## What is needed
Please print, exactly, only the lines in the entries below from the line that has "Wojskowe ślubowanie na Równi Krupowej" through the line that has "109 Alpine St, Wickett, TX 79788". Pictures don't go in.

(Records supplied)

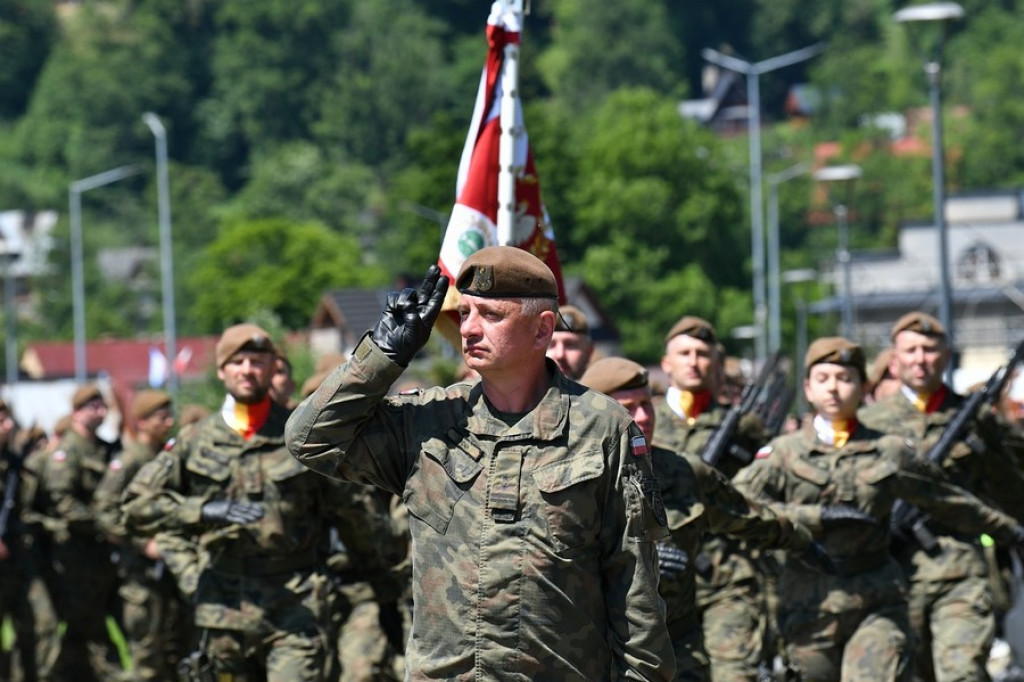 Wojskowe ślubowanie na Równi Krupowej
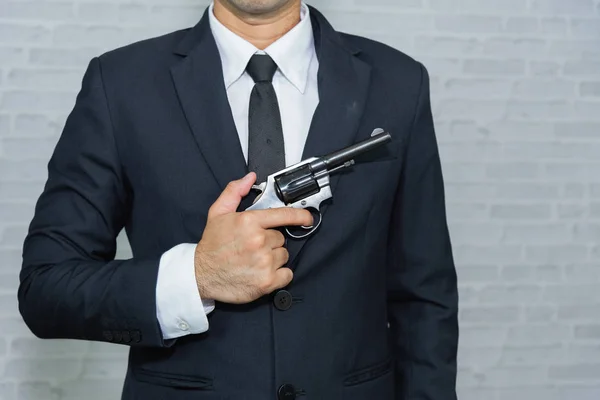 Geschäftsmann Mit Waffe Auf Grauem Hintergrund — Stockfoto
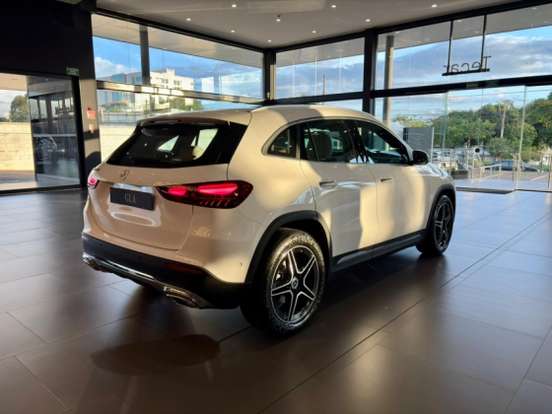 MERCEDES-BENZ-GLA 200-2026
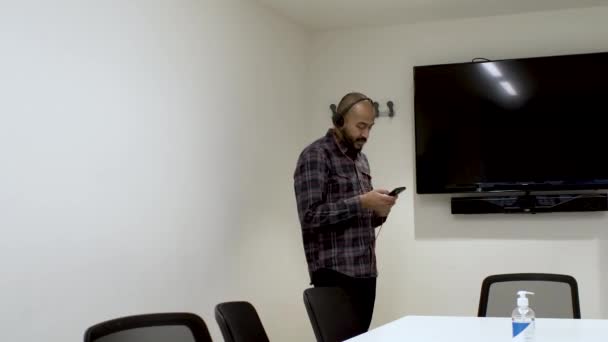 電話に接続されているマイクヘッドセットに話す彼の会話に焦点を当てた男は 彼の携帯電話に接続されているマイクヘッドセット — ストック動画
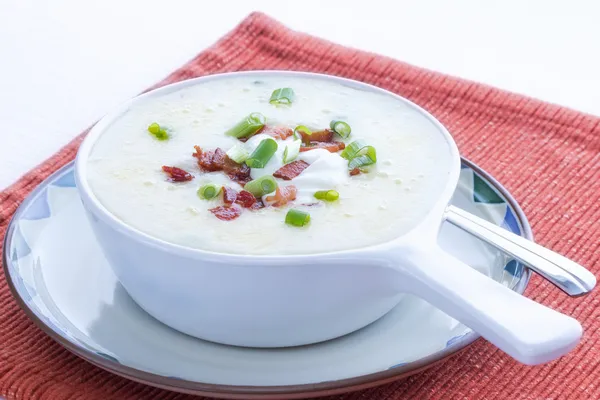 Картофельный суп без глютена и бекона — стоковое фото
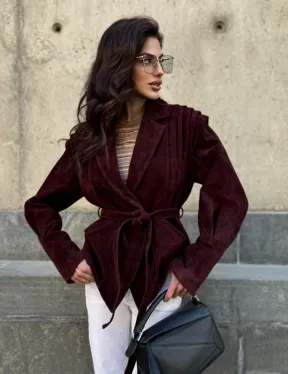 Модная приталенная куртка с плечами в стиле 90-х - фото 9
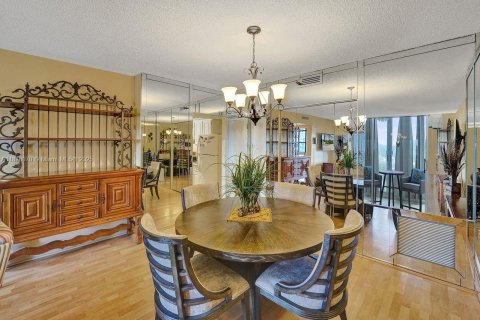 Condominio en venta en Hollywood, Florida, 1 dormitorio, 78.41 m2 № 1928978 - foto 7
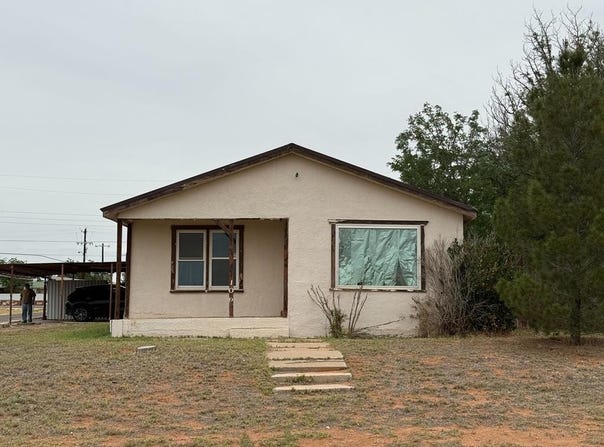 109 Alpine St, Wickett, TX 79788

(End Records supplied)
(Records supplied)

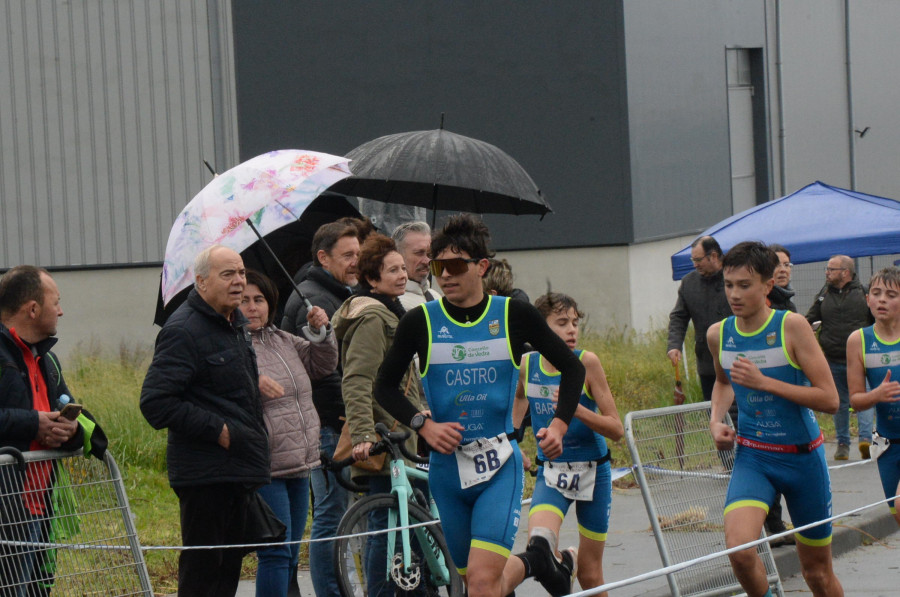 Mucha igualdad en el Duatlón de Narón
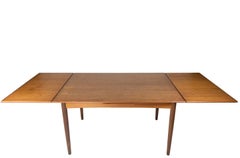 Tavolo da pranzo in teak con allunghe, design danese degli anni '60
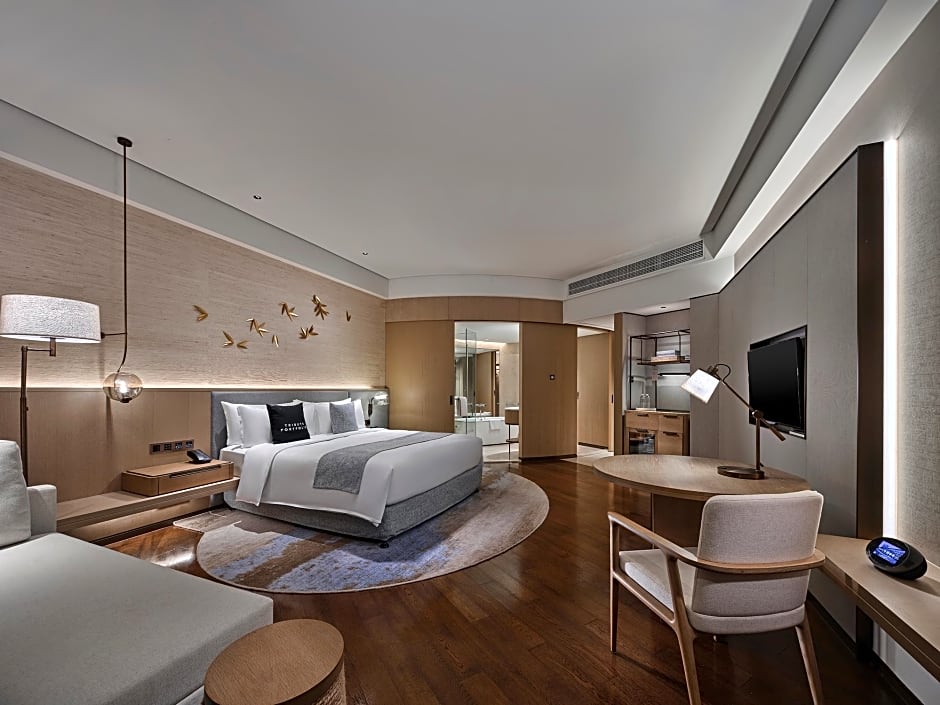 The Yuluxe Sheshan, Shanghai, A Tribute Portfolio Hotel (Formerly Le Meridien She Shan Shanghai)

(End Records supplied)
(Records supplied)

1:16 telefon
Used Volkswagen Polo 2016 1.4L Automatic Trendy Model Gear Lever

(End Records supplied)

## Task solution
 Wojskowe ślubowanie na Równi Krupowej
 Geschäftsmann Mit Waffe Auf Grauem Hintergrund — Stockfoto
 MERCEDES-BENZ-GLA 200-2026
 電話に接続されているマイクヘッドセットに話す彼の会話に焦点を当てた男は 彼の携帯電話に接続されているマイクヘッドセット — ストック動画
 Картофельный суп без глютена и бекона — стоковое фото
 Модная приталенная куртка с плечами в стиле 90-х - фото 9
 Condominio en venta en Hollywood, Florida, 1 dormitorio, 78.41 m2 № 1928978 - foto 7
 109 Alpine St, Wickett, TX 79788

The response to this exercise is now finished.